Source data:
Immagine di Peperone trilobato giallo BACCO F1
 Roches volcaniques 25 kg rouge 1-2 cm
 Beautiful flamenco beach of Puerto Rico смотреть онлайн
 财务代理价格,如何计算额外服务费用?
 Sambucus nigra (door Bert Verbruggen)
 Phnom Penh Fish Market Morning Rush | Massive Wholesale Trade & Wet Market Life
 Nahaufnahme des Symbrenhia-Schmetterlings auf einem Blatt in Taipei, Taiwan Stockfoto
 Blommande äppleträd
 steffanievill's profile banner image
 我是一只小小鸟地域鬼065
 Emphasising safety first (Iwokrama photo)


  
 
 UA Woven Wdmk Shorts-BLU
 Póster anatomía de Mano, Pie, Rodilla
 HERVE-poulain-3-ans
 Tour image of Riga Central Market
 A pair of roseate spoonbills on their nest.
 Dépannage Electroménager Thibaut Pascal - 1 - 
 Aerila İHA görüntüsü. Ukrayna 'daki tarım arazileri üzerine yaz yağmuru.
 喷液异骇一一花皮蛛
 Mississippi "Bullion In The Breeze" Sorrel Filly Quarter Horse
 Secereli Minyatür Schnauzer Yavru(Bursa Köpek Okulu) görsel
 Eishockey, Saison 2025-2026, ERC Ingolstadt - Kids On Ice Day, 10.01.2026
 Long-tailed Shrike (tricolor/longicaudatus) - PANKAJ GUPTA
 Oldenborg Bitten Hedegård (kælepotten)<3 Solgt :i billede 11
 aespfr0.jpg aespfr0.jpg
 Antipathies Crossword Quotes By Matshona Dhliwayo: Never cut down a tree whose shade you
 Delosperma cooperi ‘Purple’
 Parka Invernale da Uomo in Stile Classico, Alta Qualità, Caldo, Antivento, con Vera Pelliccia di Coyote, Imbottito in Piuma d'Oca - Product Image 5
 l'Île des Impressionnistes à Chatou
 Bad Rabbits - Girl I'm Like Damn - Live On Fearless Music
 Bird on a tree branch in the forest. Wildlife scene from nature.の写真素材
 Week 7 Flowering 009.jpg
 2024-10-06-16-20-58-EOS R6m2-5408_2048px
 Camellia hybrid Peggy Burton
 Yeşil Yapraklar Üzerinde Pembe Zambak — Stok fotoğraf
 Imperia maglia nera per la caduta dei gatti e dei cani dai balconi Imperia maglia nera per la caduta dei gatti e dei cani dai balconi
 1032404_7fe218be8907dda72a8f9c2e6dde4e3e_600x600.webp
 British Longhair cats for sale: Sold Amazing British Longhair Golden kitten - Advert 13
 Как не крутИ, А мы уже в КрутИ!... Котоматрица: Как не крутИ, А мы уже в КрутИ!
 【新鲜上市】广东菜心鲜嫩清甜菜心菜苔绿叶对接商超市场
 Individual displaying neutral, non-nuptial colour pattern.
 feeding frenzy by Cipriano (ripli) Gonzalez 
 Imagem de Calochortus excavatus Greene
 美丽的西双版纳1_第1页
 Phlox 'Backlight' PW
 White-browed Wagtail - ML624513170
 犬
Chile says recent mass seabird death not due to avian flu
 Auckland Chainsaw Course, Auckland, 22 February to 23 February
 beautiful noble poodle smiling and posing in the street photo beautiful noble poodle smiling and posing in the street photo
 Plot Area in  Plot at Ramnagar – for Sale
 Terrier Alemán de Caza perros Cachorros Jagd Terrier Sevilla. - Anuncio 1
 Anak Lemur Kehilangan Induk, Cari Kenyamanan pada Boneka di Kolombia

TASK PROMPT: Could you copy every line from the records that has "photo" in it?

ANSWER FOR THIS EXERCISE:
 Emphasising safety first (Iwokrama photo)
 beautiful noble poodle smiling and posing in the street photo beautiful noble poodle smiling and posing in the street photo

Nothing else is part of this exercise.